Your copy should start at the line with "MTLEE 12 Pcs" and end at the line with "Users and Profiles" in the data below. Transcribe only those lines, exactly, pictures excluded.

Provided records:
****

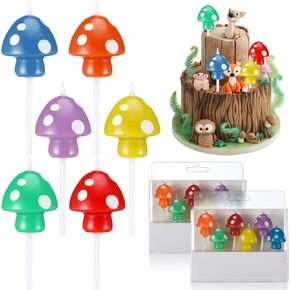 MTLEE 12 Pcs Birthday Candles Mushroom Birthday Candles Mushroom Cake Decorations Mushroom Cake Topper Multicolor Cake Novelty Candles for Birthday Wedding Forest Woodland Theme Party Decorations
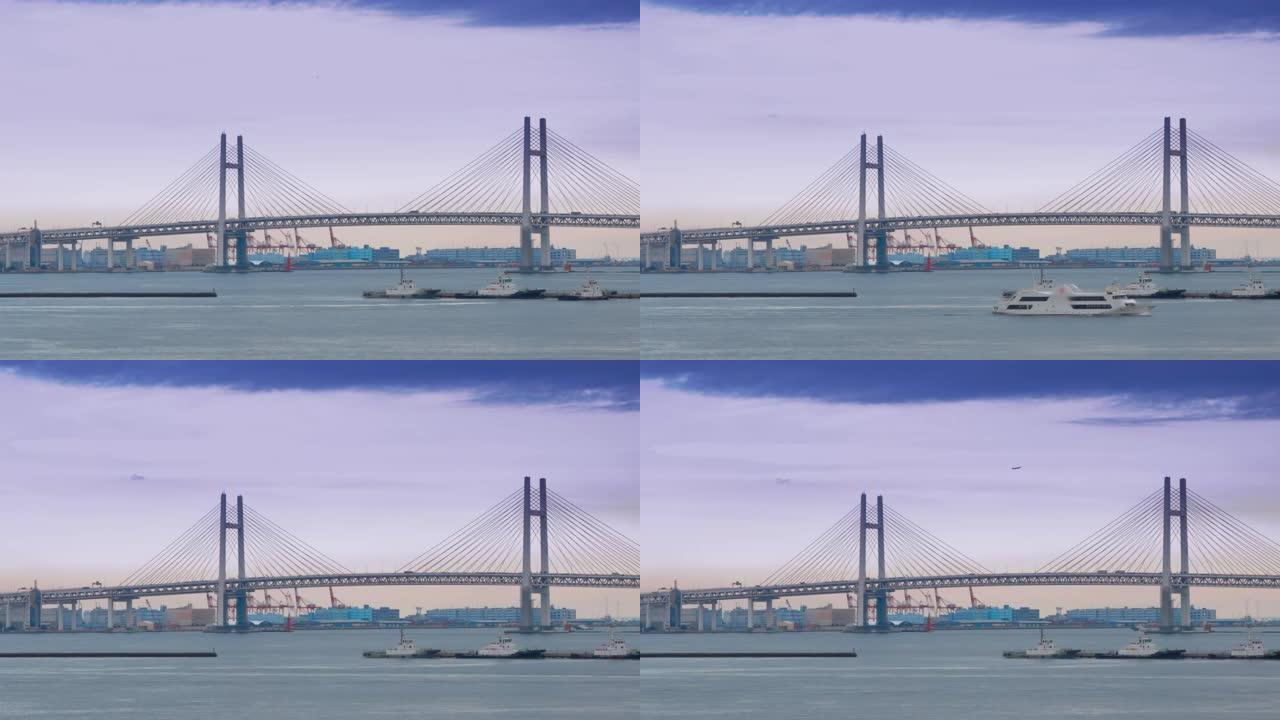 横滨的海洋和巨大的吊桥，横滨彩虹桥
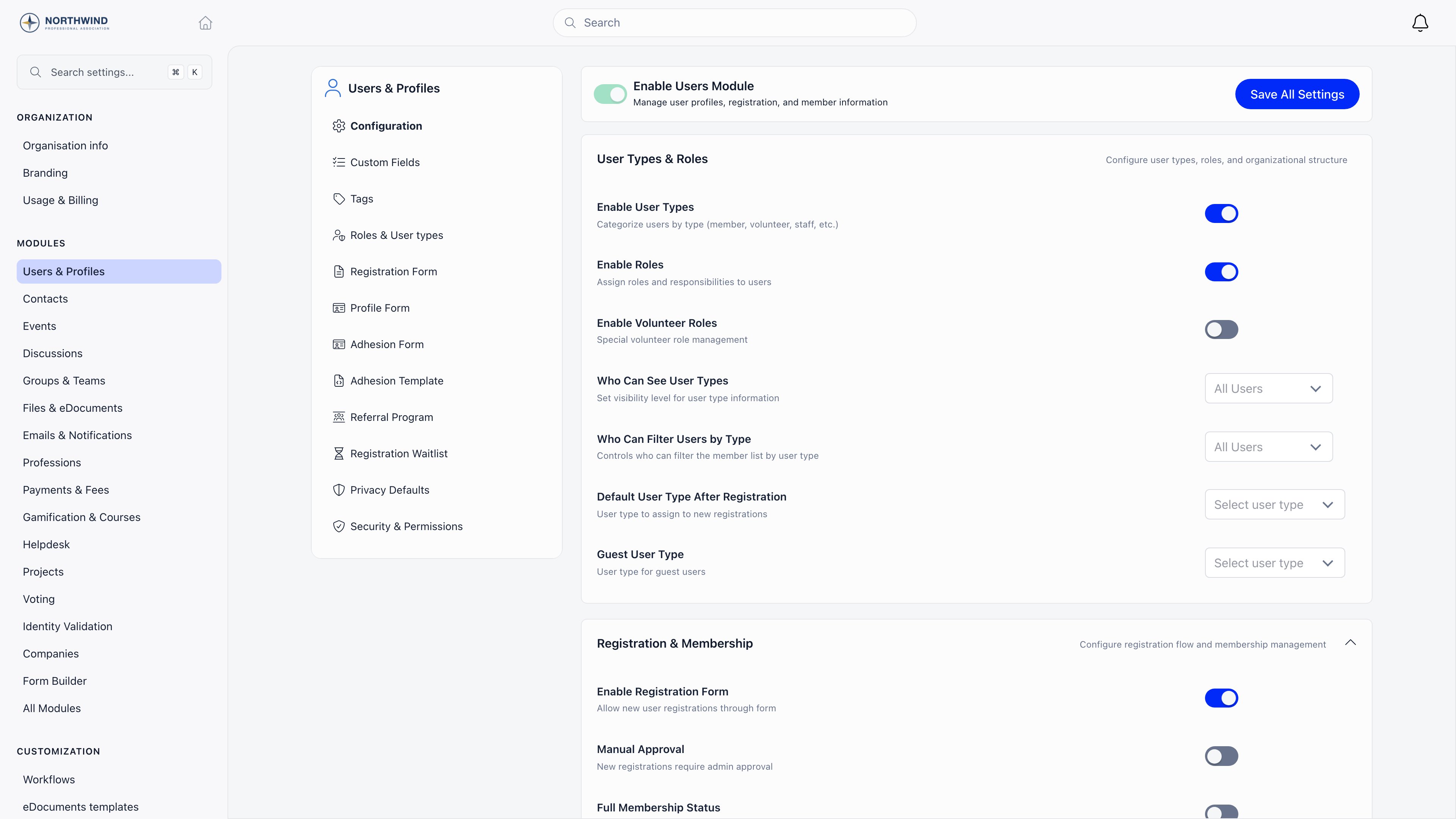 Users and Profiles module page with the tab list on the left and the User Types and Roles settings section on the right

****

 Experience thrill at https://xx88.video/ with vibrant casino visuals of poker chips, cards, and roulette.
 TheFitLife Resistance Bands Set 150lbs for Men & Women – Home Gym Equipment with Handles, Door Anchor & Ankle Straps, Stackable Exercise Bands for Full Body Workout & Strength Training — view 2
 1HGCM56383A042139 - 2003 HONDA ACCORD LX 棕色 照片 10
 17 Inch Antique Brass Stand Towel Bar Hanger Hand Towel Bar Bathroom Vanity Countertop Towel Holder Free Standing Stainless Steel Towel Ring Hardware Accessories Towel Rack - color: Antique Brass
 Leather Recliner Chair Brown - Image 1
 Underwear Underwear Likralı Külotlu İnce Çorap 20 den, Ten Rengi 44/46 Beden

****

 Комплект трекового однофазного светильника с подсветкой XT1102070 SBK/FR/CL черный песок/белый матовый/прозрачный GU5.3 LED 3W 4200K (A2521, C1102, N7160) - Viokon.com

****

Solution to the exercise:
 MTLEE 12 Pcs Birthday Candles Mushroom Birthday Candles Mushroom Cake Decorations Mushroom Cake Topper Multicolor Cake Novelty Candles for Birthday Wedding Forest Woodland Theme Party Decorations
 横滨的海洋和巨大的吊桥，横滨彩虹桥
 Users and Profiles module page with the tab list on the left and the User Types and Roles settings section on the right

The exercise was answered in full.